■ RECORDED INFORMATION ■
%%

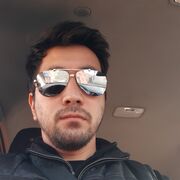  ,  , 35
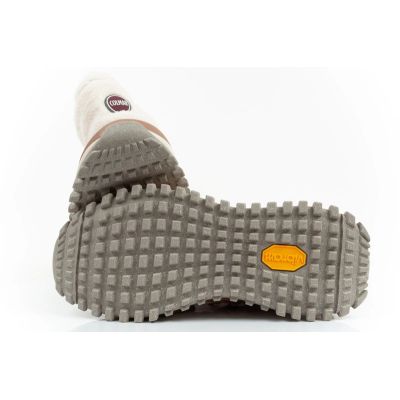 19. Colmar W WARMER VOYAGE 167 snow boots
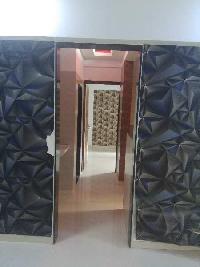 2 BHK Flat for Sale in Sector 51 Chandigarh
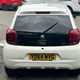 Peugeot 108 (14-22) 1.2 VT Allure 5d For Sale - Motorexe Ltd, Ilford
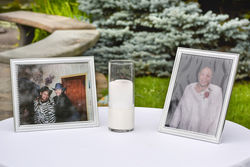 Tori Harrison Photography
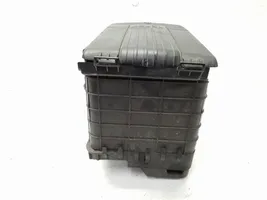 Volkswagen Tiguan Boîte de batterie 1K0915325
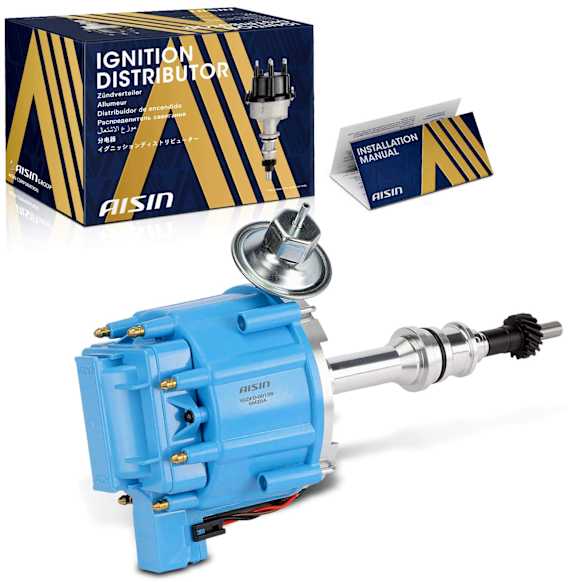 IGDFD-00109 Distributor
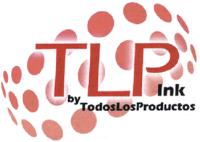 TLP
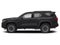 2026 Toyota 4Runner i-FORCE MAX 4Runner TRD Off-Road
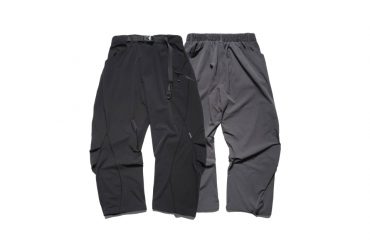 Vertical_Pants (0)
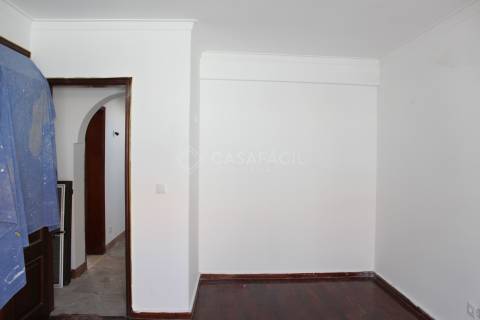 Moradia T3+1 em Alcochete!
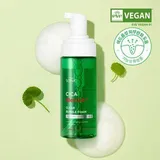 SCINIC - Cica Blemish Clear Bubble Foam
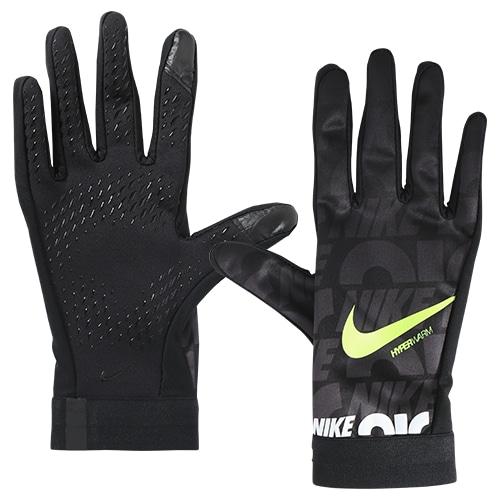 アカデミー NIKE AIR ハイパー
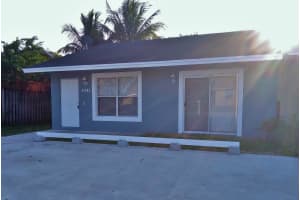 2341 Avenue Z A, Riviera Beach, FL 33404, Riviera Beach, FL 33404 - MLS#R11162694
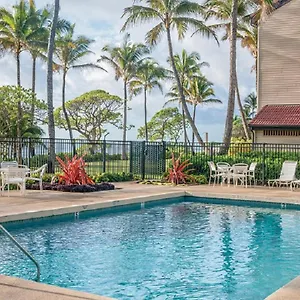  Apartment Worldmark Kapaa Shore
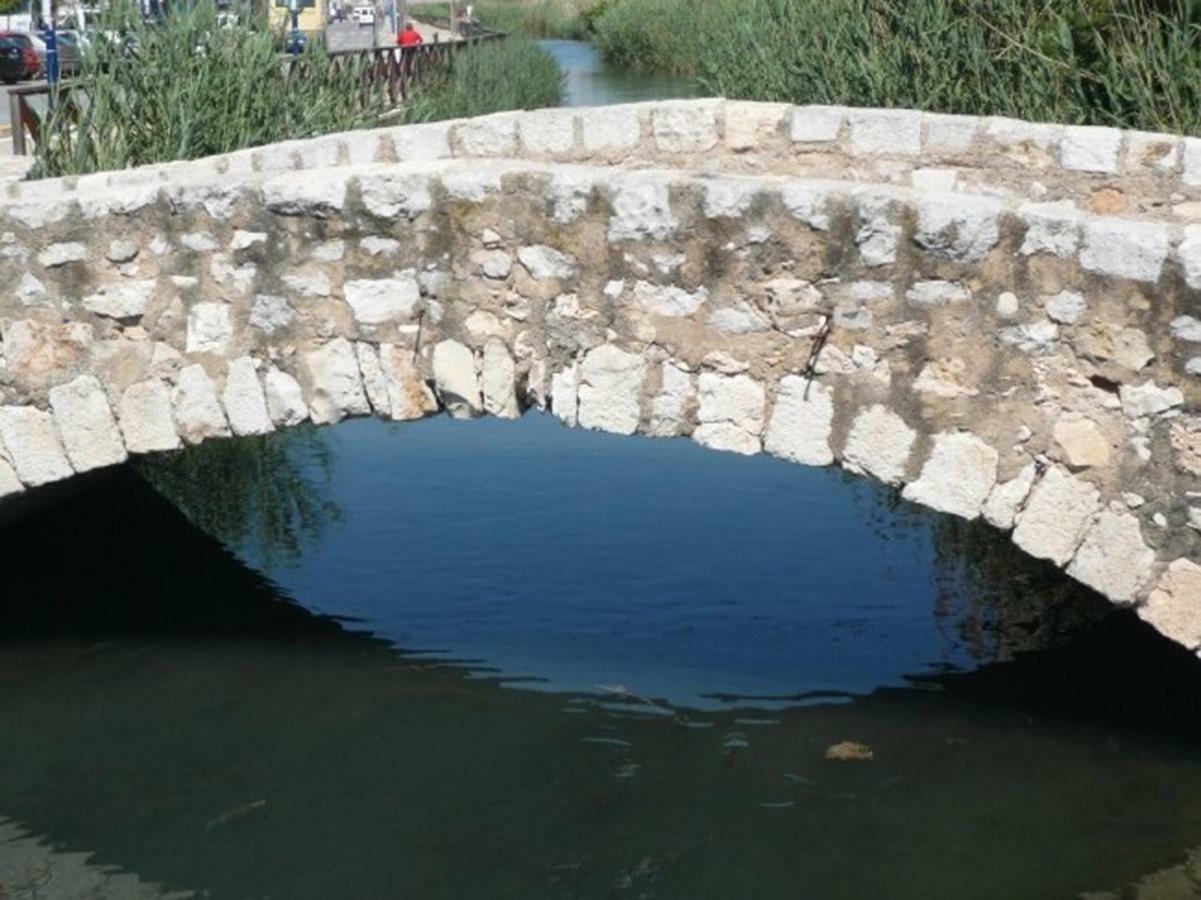 Bonito Atico Con Aire Acondicionado,piscina Comunitaria, Parking Y Wifi *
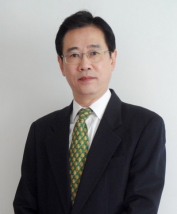 王哲卫老师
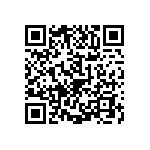 1210J6300680JCT QRCode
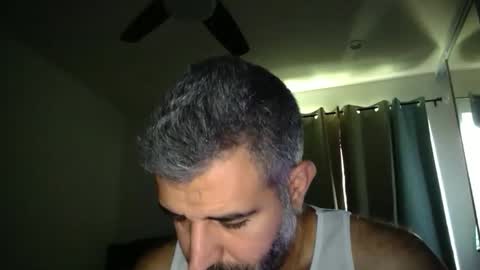 h0nest84 online show from 20, 12, 2025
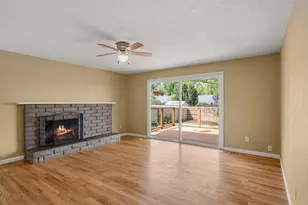 567 N Stoneham, Medford, OR 97504 - Photo 11
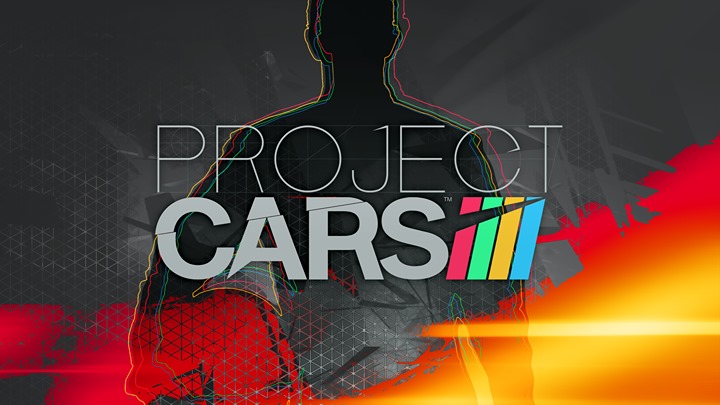 projectcars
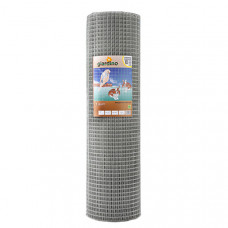 GAAS, GELAST VERZINKT 6.35/0.65 - 1.02M X 2.5M GAAS, GELAST VERZINKT 6.35/0.65 - 1.02M X 2.5M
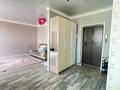1-комнатная квартира · 38 м² · 8/9 этаж, Кургалжинское шоссе — КАЗГЮУ, КазМНУ, КазУТБ за 20.9 млн ₸ в Астане, Есильский р-н — фото 6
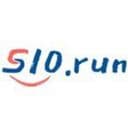 Канал s10.run в Telegram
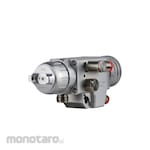 SAGOLA Automatic Spray Gun V6 Abrasives Robot (Alat Semprot Cat)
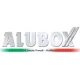 ALUBOX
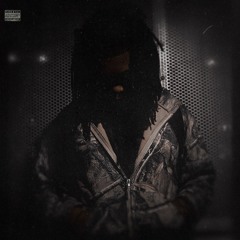 Biggest Threat (Prod. @Izzyturntfrr)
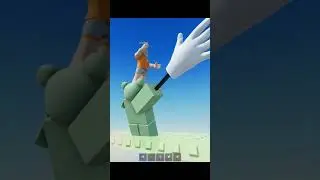 Я ИСПОЛЬЗОВАЛ АДМИНИСТРАТИВНЫЕ ПРАВА, ЧТОБЫ УДАРИТЬ ТРОЛЛЕЙ В ROBLOX #roblox #мемы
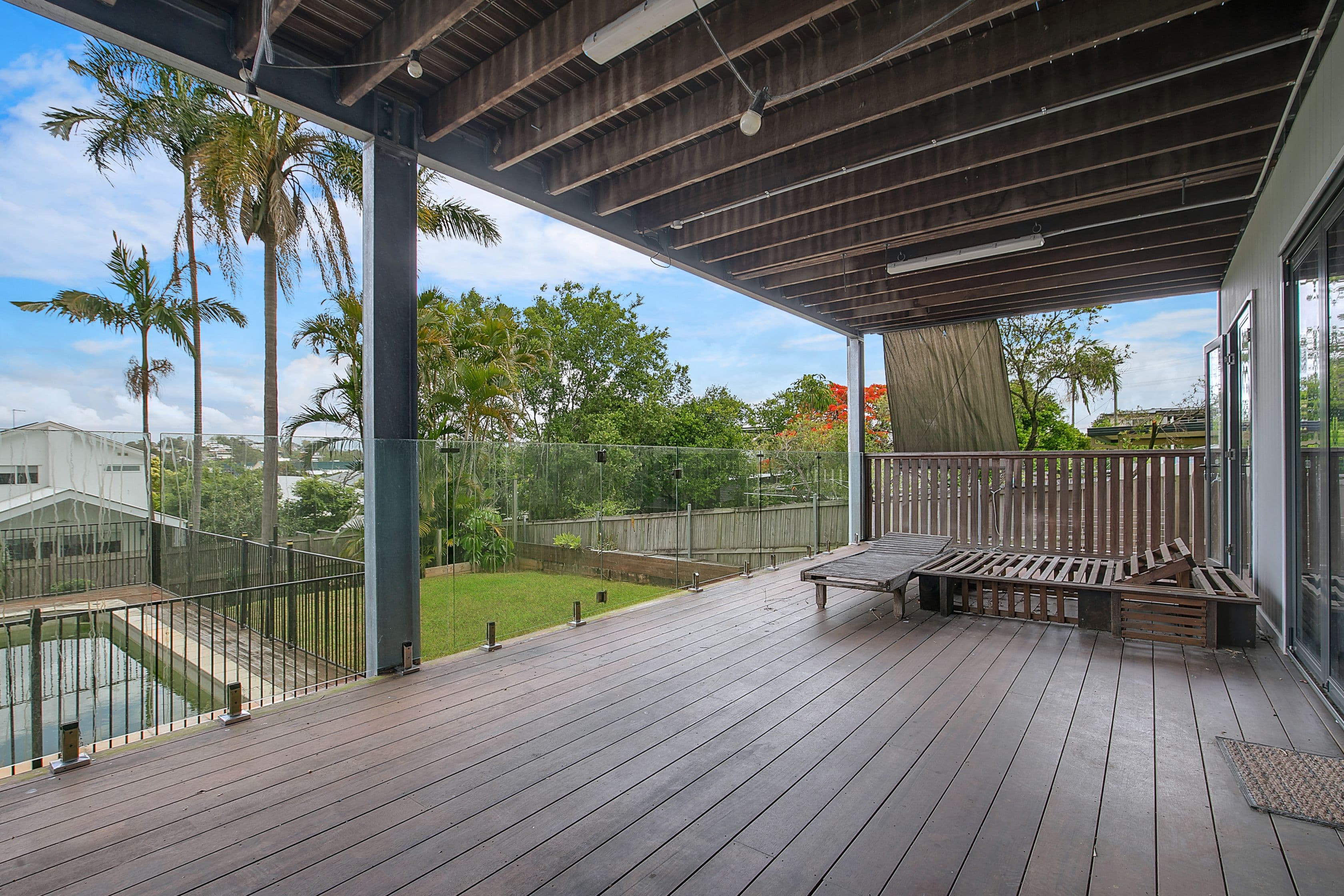 96 Pateena Street , Stafford QLD 4053, Stafford - Thumbnail 3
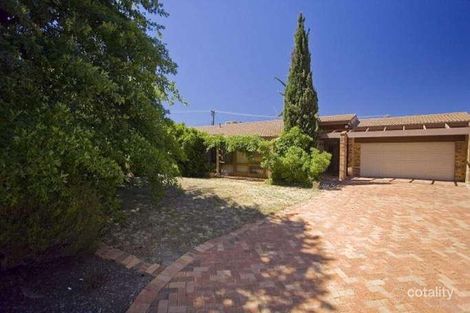 Property photo of 3 Greenup Close Florey ACT 2615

%%

Text only, pictures out: give every record again as written.

  ,  , 35
 19. Colmar W WARMER VOYAGE 167 snow boots
 2 BHK Flat for Sale in Sector 51 Chandigarh
 Peugeot 108 (14-22) 1.2 VT Allure 5d For Sale - Motorexe Ltd, Ilford
 Tori Harrison Photography
 Volkswagen Tiguan Boîte de batterie 1K0915325
 IGDFD-00109 Distributor
 TLP
 2026 Toyota 4Runner i-FORCE MAX 4Runner TRD Off-Road
 Vertical_Pants (0)
 Moradia T3+1 em Alcochete!
 SCINIC - Cica Blemish Clear Bubble Foam
 アカデミー NIKE AIR ハイパー
 2341 Avenue Z A, Riviera Beach, FL 33404, Riviera Beach, FL 33404 - MLS#R11162694
  Apartment Worldmark Kapaa Shore
 Bonito Atico Con Aire Acondicionado,piscina Comunitaria, Parking Y Wifi *
 王哲卫老师
 1210J6300680JCT QRCode
 h0nest84 online show from 20, 12, 2025
 567 N Stoneham, Medford, OR 97504 - Photo 11
 projectcars
 GAAS, GELAST VERZINKT 6.35/0.65 - 1.02M X 2.5M GAAS, GELAST VERZINKT 6.35/0.65 - 1.02M X 2.5M
1-комнатная квартира · 38 м² · 8/9 этаж, Кургалжинское шоссе — КАЗГЮУ, КазМНУ, КазУТБ за 20.9 млн ₸ в Астане, Есильский р-н — фото 6
 Канал s10.run в Telegram
 SAGOLA Automatic Spray Gun V6 Abrasives Robot (Alat Semprot Cat)
 ALUBOX
 Biggest Threat (Prod. @Izzyturntfrr)
 Я ИСПОЛЬЗОВАЛ АДМИНИСТРАТИВНЫЕ ПРАВА, ЧТОБЫ УДАРИТЬ ТРОЛЛЕЙ В ROBLOX #roblox #мемы
 96 Pateena Street , Stafford QLD 4053, Stafford - Thumbnail 3
 Property photo of 3 Greenup Close Florey ACT 2615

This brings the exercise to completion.